Caden Jiang (12), a violinist in Orchestra, agreed with Gelb.

“[Orchestra, Jazz Band and Band] aren’t classes you just take for one year … Most of the people I know have been in the music department since freshman [year],” Jiang said.

The Choir and Guitar courses have historically had difficulty maintaining high enrollment levels; in recent years enrollment numbers have declined, indicating flagging interest. According to Assistant Principal Robert Shockney, in 2019, Guitar and Choir had enrollments of 38 and 24 students, declining in 2022 to 17 students enrolled in Guitar and 12 in Choir.

“Last year, the state [gave us more class sections] … [essentially, the state is] giving districts money, and sometimes it can be used for staffing. So last year, that’s part of how I covered Guitar and Choir … using some of those funds,” Principal Rob Coppo said.

In the course selection for 2023-24 school year, as of April 22, 10 students had enrolled in Guitar, and nine in Chorus.

“When the numbers [for Choir and Guitar] were down again, that’s when I shifted those [funds] to other areas,” Coppo said. “And they had a need at SDA, so it ended up working out that Ms. Gelb could support the music program there and still stay here. Is that ideal? No.

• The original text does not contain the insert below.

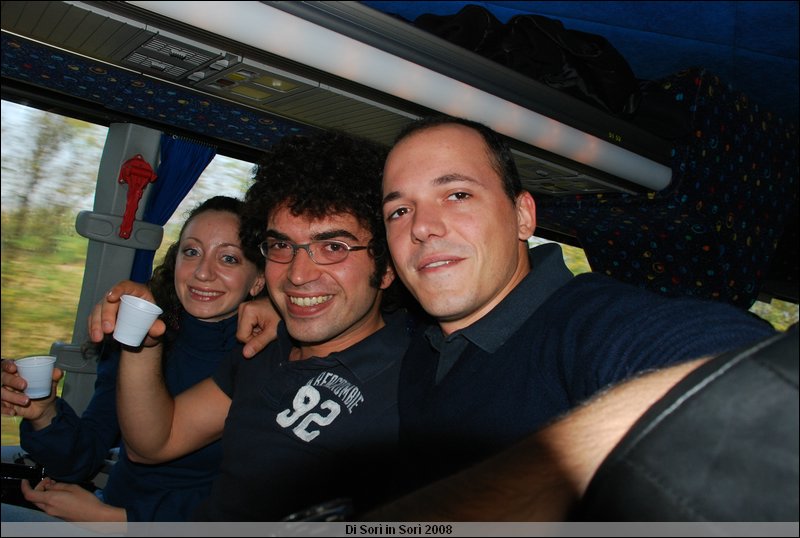 DSC_0061.JPG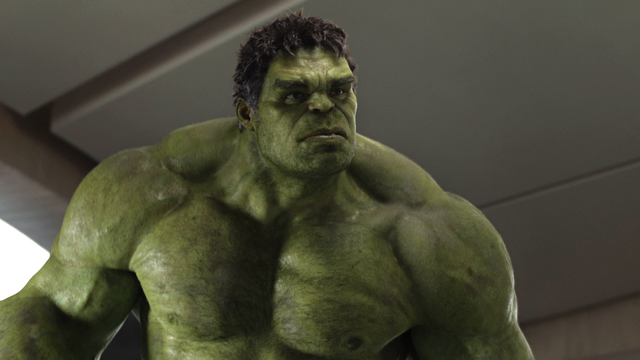 File:Hulk11.png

But ultimately, all the district has to do is make sure she has a job.”

Some students and parents, however, have expressed concerns about what the decrease in music sections, or classes, at TPHS could mean for the future of the music department.

“You do worry a little bit that if people have a choice of a school with a music presence 100% versus a music presence less than 100%, [that] maybe that will affect the choice,” Music Parent Liaison President Chris Day said. “So I guess my concern is that maybe one of the other schools will end up being the music school and then Torrey Pines will get weaker and weaker over a period of time … not immediately, but I’m looking long term.”

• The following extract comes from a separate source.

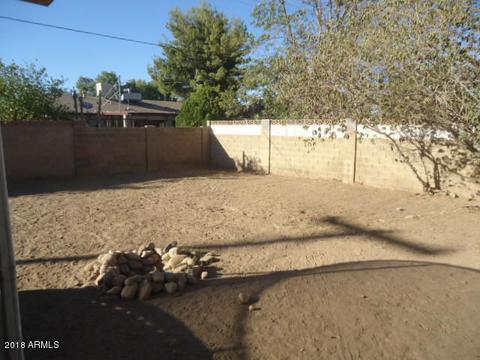 6802 W Wolf St, Phoenix, AZ 85033 photo 4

Morgan Robitaille (12), a violinist in Orchestra, agreed.

“When [middle schoolers] see that Torrey Pines doesn’t have a huge, well- rounded music department, they’re probably going to shy away and go to a different school,” Robitaille said.

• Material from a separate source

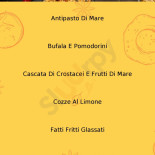 Covas Carte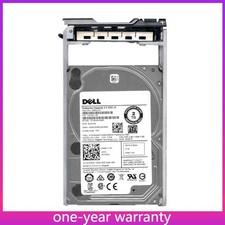 1PCS ST2000NX0403 0CK3MN DELL CK3MN 2TB 7.2K 128MB SATA III 2.5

These concerns in mind, Day wrote a petition entitled “TPHS Students Need a Full Time Music Teacher,” on May 23 in response to Gelb’s scheduling change. The petition was addressed to Supt. Anne Staffieri, as well as school board members and Coppo.

“The [hope] of the petition was to give [TPHS] more money to play with or make it so the school district could be more supportive of [music programs],” Day said. “Every high school should have a music teacher.”

TPHS does not require a full-time teacher in any subject, whether it be an elective or a core class. Similarly, neither SDA nor La Costa Canyon High School has a full-time music teacher.

Classes like Guitar and Choir — general interest electives — are offered across the district. SDA offers AP Music Theory and MIDI Composition courses, Guitar, Instrumental Music and Wind Ensemble. LCC has sections of Guitar and MIDI Composition in support of their Band class. Canyon Crest Academy, a campus with three full-time music teachers, offers Orchestra, Jazz, Rock, Wind, Symphonic, Chorus/Vocal, Recording Arts and Digital Music in addition to their Music Conservatory, an intensive after-school program.

“I think there’s value in offering classes that would be enriching for students … [and] in reaching students beyond the band classroom,” SDA Music Director, Jeremy Wuertz, said. Looking to the future, next year’s TPHS music department offerings are unknown.

According to Coppo, he “would be surprised” if Chorus and Guitar were on the course selection for 2024-25.

“Next year is not up to me,” Gelb said. “It all depends on the number of sections that are allowed at TP … It all comes down to how many students enroll in the classes and the number of sections that the administration decides to run.”

As for now, Gelb is confident in her students.

“Many things have changed in 19 years since we’ve opened multiple new schools in the district since I started at TP. The one thing that has remained constant is that we have many talented and motivated students who continue to amaze me year after year,” Gelb said.